Ontario Hospitals Cut Jobs Amid Deficits Despite $1.1B Funding Increase

Ontario hospitals are moving ahead with staff reductions as financial pressure builds across the health-care system, with more than 70 per cent of hospitals forecasting deficits despite a $1.1-billion provincial funding increase this year.

The Ontario Hospital Association had warned earlier that hospitals needed more than twice that amount to stabilize their finances. Some hospitals are now using reserves to cover day-to-day operating costs, while others have begun cutting positions, freezing expenses and reviewing staffing models.

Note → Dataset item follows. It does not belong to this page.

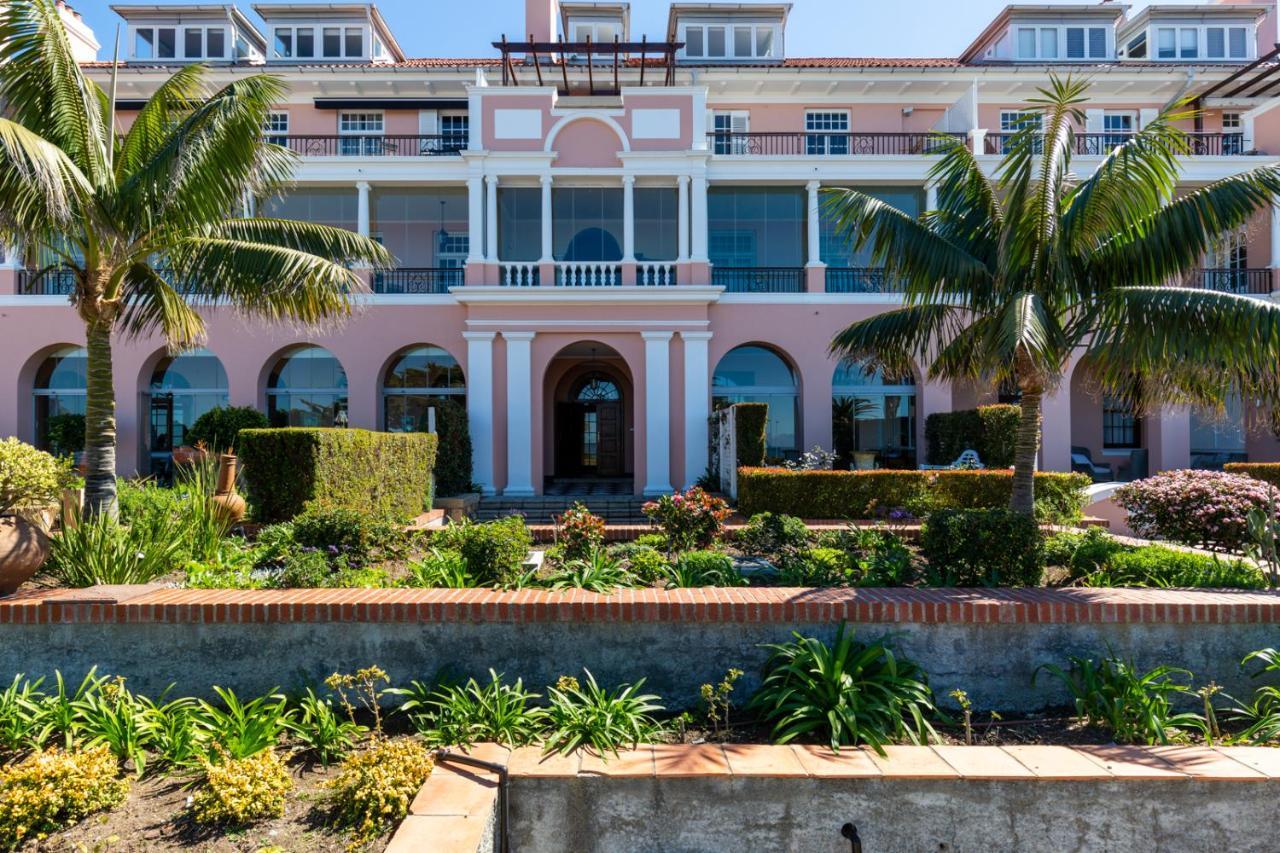 Апартаменты Majestic Ocean View Retreat Кейптаун Экстерьер фото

The latest cuts were announced by The Ottawa Hospital, which said earlier this month that it had already offered early retirement, reduced vacant roles, frozen travel and found a “more economical” benefits plan as part of its effort to manage financial challenges.

“Despite all of this, regrettably there will still be some reductions to job positions in the coming months,” the hospital wrote in a statement.

“These reductions amount to three per cent of our overall workforce, however through vacancy management and early retirement options, we will work to limit any involuntary departures.”

The Ministry of Health last year directed hospitals to prepare three-year plans to bring their budgets back into balance. Hospitals were asked to move quickly on “low risk” savings and bring “high risk” proposals to regional and provincial planning tables.

Health Minister Sylvia Jones said the budget review process is progressing well.

“Change is always hard,” she said in a recent interview.

“But when I look at some of the leadership that has come out of organizations like Ottawa, like London, where they are able to clearly articulate the reason for the change, the why we are doing it. As long as the focus is on front-line patient care, I think that we are going in the right direction.”

London Health Sciences Centre is also reducing nursing positions, saying the changes will bring staffing levels in line with peer hospitals. Local media reported the cuts involve more than 200 positions. A hospital spokesperson said the reductions will take place through attrition over three years.

Chatham-Kent Health Alliance has also announced staffing reductions as part of its plan to eliminate its deficit. The hospital said it will cut 49 positions, with about half of those reductions coming from its float staff pool. Most of the changes will happen by leaving vacancies unfilled.

“Like many Ontario hospitals, CKHA is facing financial and operational pressures resulting from rising costs, an aging population, increasing complexity of care, as well as aging infrastructure and equipment,” the hospital wrote in a statement.

“Hospitals across the province faced with similar pressures are also expecting deficits and eroding working capital. Within this context, hospitals are planning for reduced expenditures, while ensuring safe, high-quality care.”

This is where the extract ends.